RECORDS FOR PROCESSING ->
━━━━━━

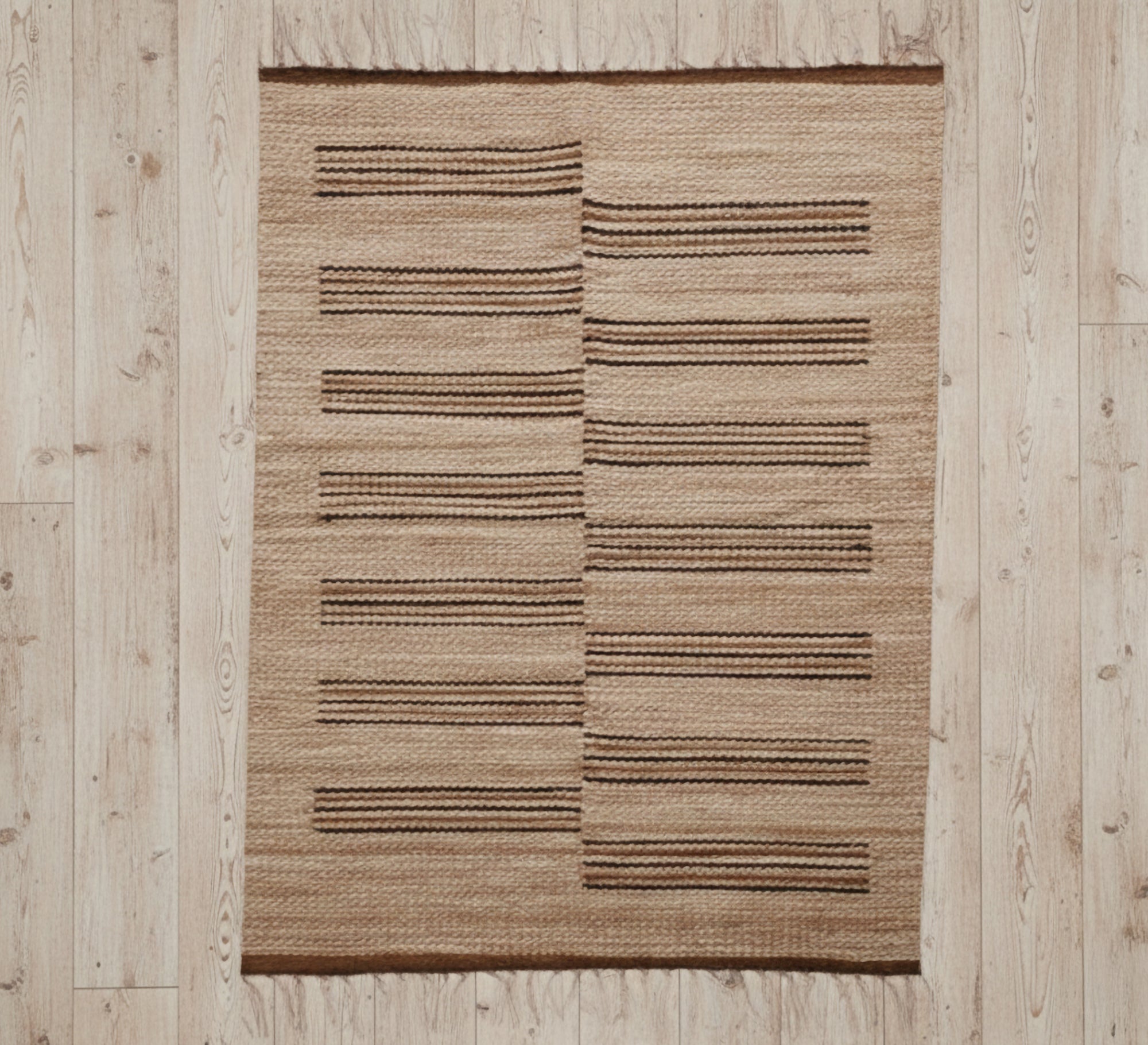 A high - quality rug - Vitrine Furniture - Accessories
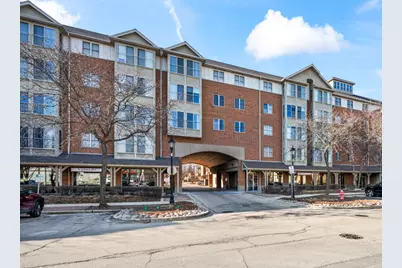 100 N Bokelman Street #330, Roselle, IL 60172 - Photo 1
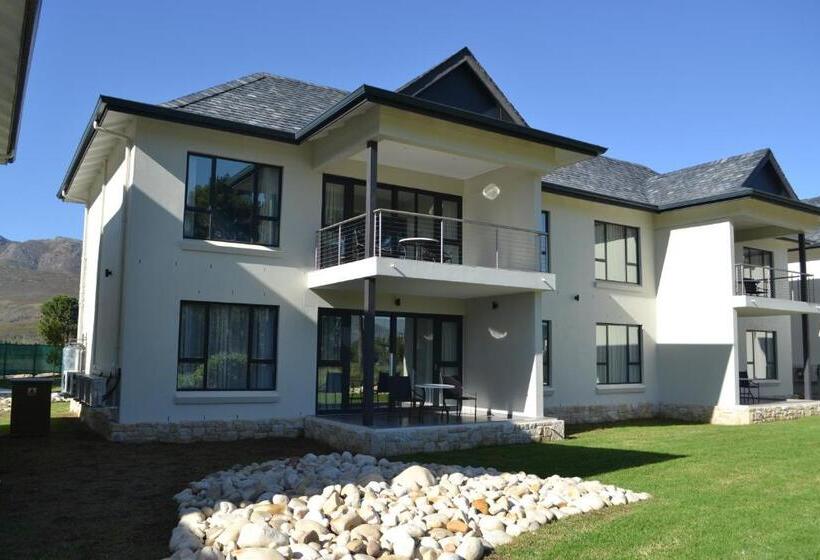 شقة غرفة واحدة, Pearl Valley Suites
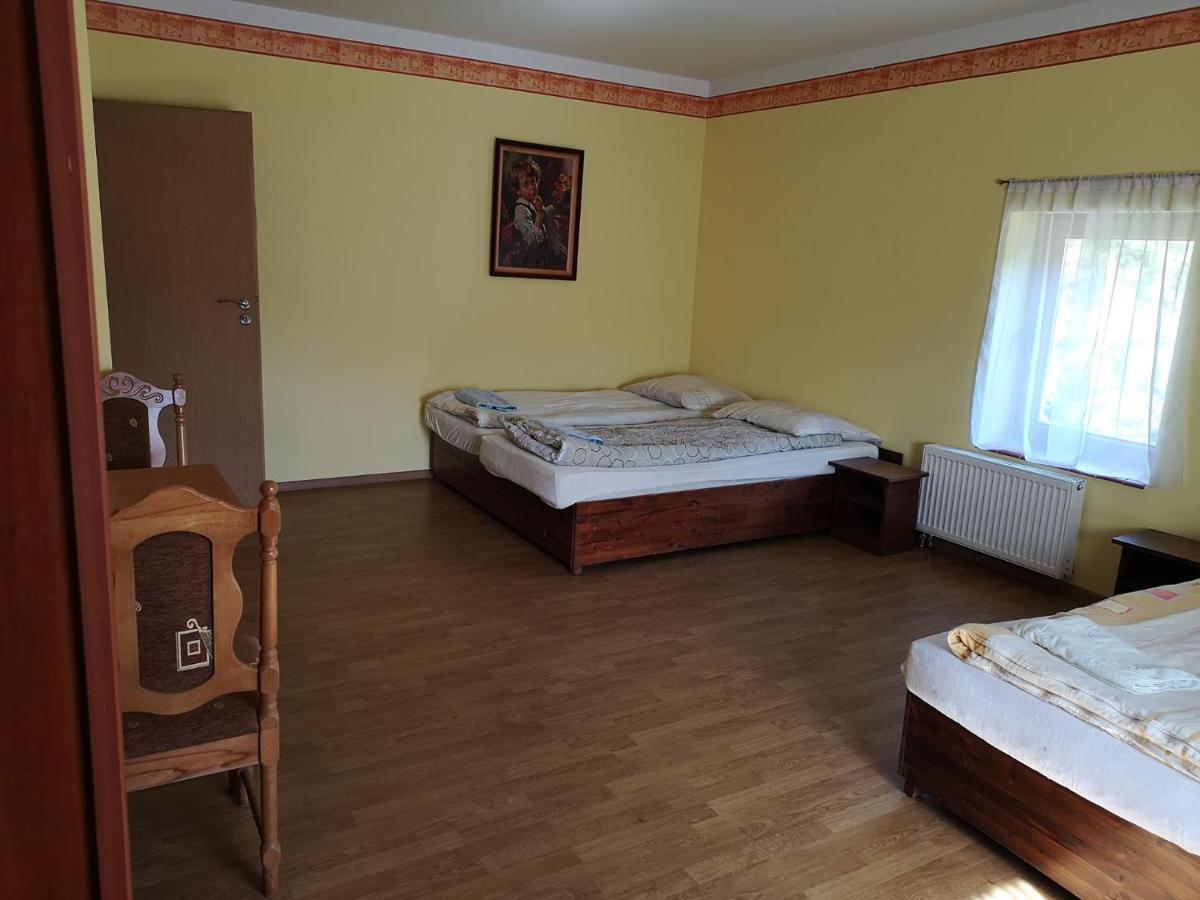 Zamek Ostrowski Chojnik Exterior foto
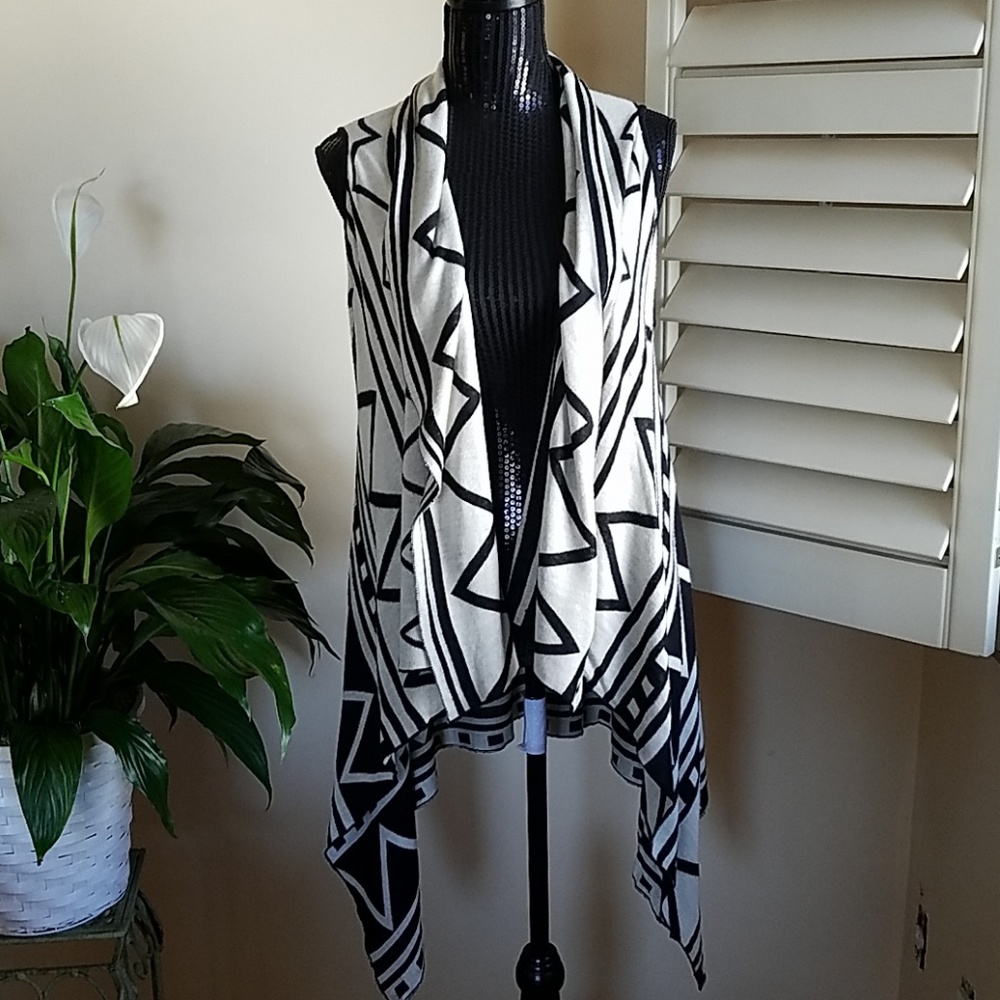 Aztec pattern sleeveless sweater shawl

━━━━━━

WHAT YOU HAVE TO DO -> Exactly and only the lines from the one holding "100 N Bokelman" through the final line of the material must be returned, both ends included, without any pictures.

EXPECTED OUTPUT ->
 100 N Bokelman Street #330, Roselle, IL 60172 - Photo 1
 شقة غرفة واحدة, Pearl Valley Suites
 Zamek Ostrowski Chojnik Exterior foto
 Aztec pattern sleeveless sweater shawl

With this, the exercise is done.